How this New Grant Provides Relief for Canadian Manufacturers affected by Tariffs
In recent years, the global trade landscape has shifted. Tariffs once aimed at distant rivals now land squarely on Canadian businesses. When Washington or Beijing imposes a duty spike, Canadian manufacturers — especially small and medium-sized ones — feel the shockwaves. Constrained margins, disrupted supply chains, and uncertain export access have become the new normal.
In that climate, Canada responded with a bold intervention: the Regional Tariff Response Initiative (RTRI). This federal program provides targeted financial support to Canadian manufacturers grappling with tariff-driven cost increases. The logic is straightforward: help firms adapt and survive now, so that they grow stronger and more resilient later.
In this article, we’ll explore how RTRI came into being, who is eligible, how funding works, what kinds of projects qualify, the steps to apply, and how Quebec and Ontario are shaping their own approaches. This is not a how-to manual, but rather an informative guide to help you appreciate the structure, purpose, and strategic relevance of RTRI — especially if your company might benefit from professional support.
Why RTRI Was Created: Trade Shocks Meet Canadian Industry
When global powers impose new tariffs, the spillover effects often land on third countries. Canadian firms, integrated into supply chains with the U.S. and China, found themselves squeezed from both sides.
Between 2022 and 2025, several trade policies escalated. The United States, under shifting industrial and political priorities, introduced stricter “Buy American” measures and tariff actions that affected Canadian aluminum, steel, and other exports. At the same time, Canada joined U.S. and European efforts to sanction Chinese goods in sectors like electric vehicles, leading to reciprocal countermeasures from Beijing. China responded by targeting Canadian agricultural products—tariffs on canola, pork, and seafood among them.
Then in early 2025, the situation escalated. The U.S. imposed sweeping new tariffs on Canadian goods — 25% across many goods plus 10% on a range of energy-related exports. Canada responded with retaliatory tariffs on $30 billion of U.S. goods. Canadian manufacturing, which had long seen the U.S. as its primary market, suddenly faced barriers on both fronts.
The results were sharp. Canadian SMEs reported rising costs, especially for imported inputs. Many lost margins or turned to alternative suppliers, often less efficient or more expensive. Export markets became murkier. Businesses that had long relied on stability now faced uncertainty.
In that context, the federal government launched the Regional Tariff Response Initiative. The aim: cushion the shock, motivate adaptation, and help Canadian manufacturers pivot toward resilience.

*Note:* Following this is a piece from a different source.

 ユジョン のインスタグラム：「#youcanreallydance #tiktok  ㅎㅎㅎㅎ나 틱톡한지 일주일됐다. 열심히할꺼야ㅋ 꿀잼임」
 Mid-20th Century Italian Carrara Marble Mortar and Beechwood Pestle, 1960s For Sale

The political narrative was clear. Ottawa and allied policymakers framed RTRI not as mere relief, but as a strategic tool in a more volatile trade era. Ministers spoke of building up domestic strength, diversifying economic ties, and reducing reliance on foreign markets subject to political shifts. In regions with heavy industrial presence, local MPs hailed it as a necessary shield for jobs and investment.
In short, RTRI is both policy and symbol. It signals that Canada recognizes tariffs are not just external irritants, but existential stressors for its manufacturing base — and that strategic intervention is now part of the playbook.

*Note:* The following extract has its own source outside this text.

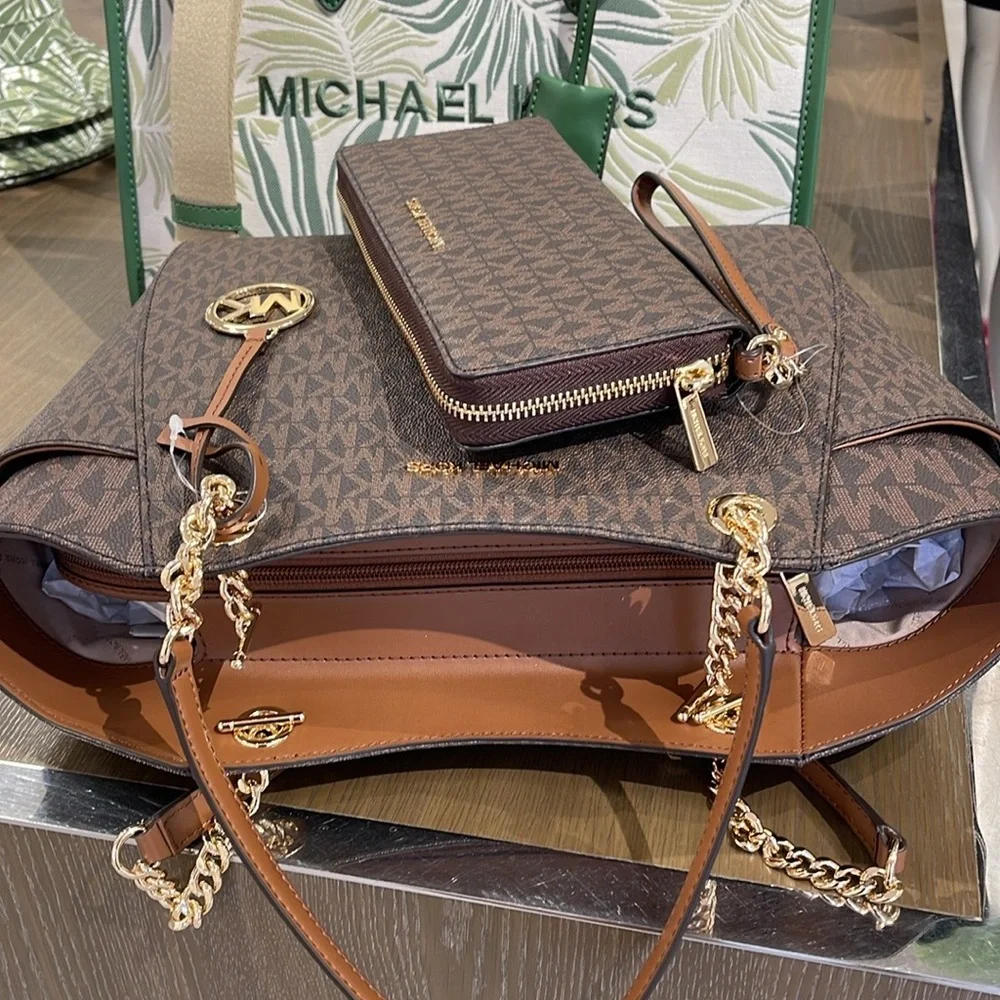 MICHAEL KORS  Jet Set Lg Shoulder Bag & JST Lg Travel CONTINENTAL wallet-wristlt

Program Overview: What RTRI Intends to Do
The Regional Tariff Response Initiative offers financial support to eligible Canadian manufacturers so they can adapt to the burden of tariffs, re-position in new markets, and strengthen internal capabilities. It is delivered through regional development agencies (RDAs), which means provinces or territories often handle evaluation, administration, or co-funding aspects.
Here are its main contours:
Maximum support per project: up to CAD 1 million in financial assistance.

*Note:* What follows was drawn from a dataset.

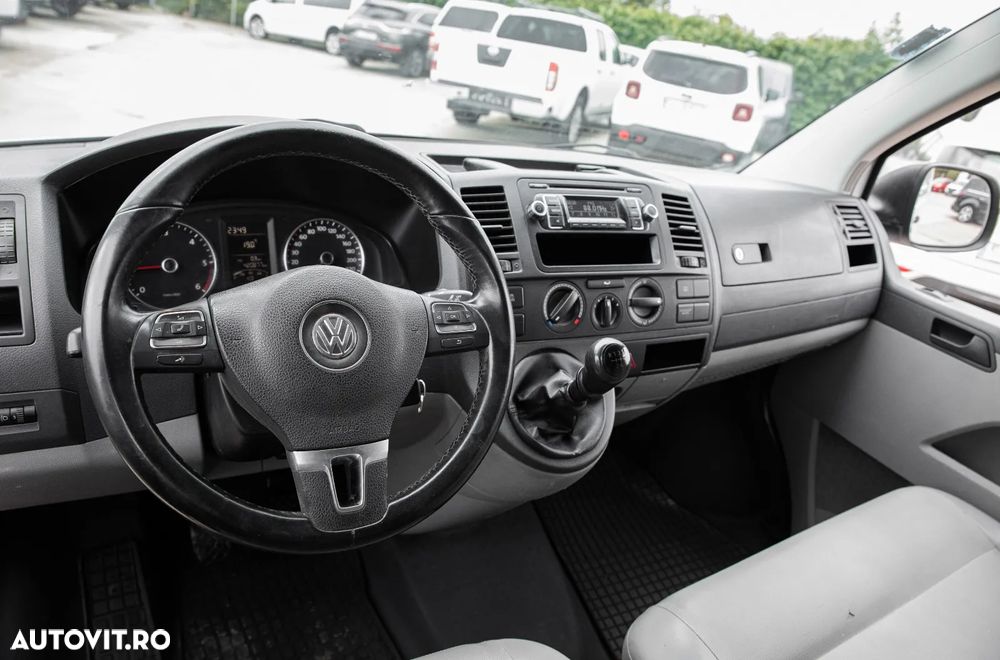 Volkswagen T5 - 12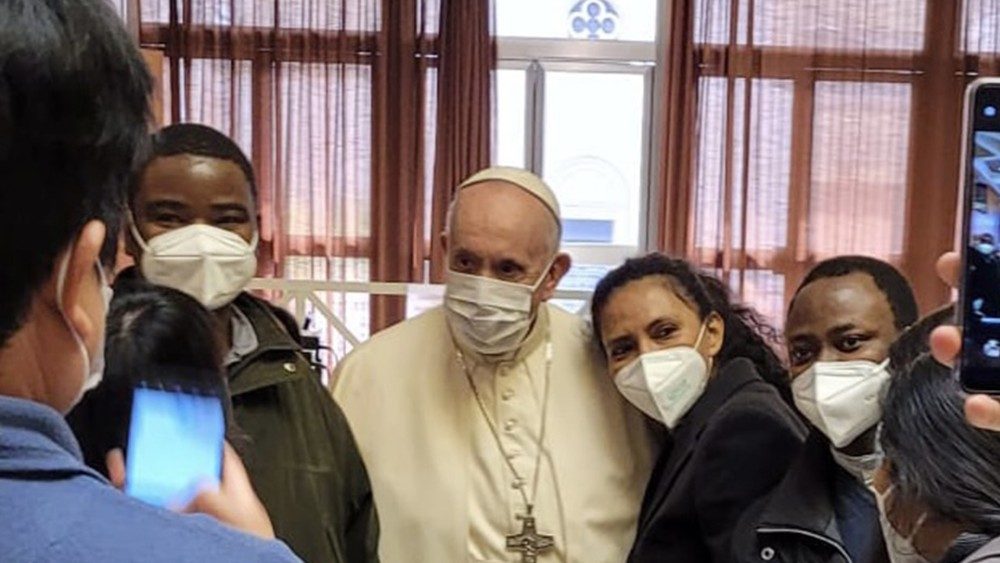 Pope Francis visits with vaccinated in the Paul VI Hall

Type of funding: non-repayable grants (i.e. contributions) or, for larger or special projects, 0% interest loans — or a hybrid of both, depending on the size and nature of the project.
Evaluation principle: projects are assessed on impact, merit, and alignment, not on a first-come, first-served basis.
Provincial envelope management: each province controls a portion of the RTRI budget, meaning local priorities and evaluation details can vary.
Time frame: projects should start within a specific window and complete by a determined deadline.
Retroactive eligibility: some costs incurred back a set period before the application may qualify, but only from a defined baseline date (not before tariff events).
Cost sharing: applicants usually must contribute their own funds (often a minimum percentage) to show commitment and share risk.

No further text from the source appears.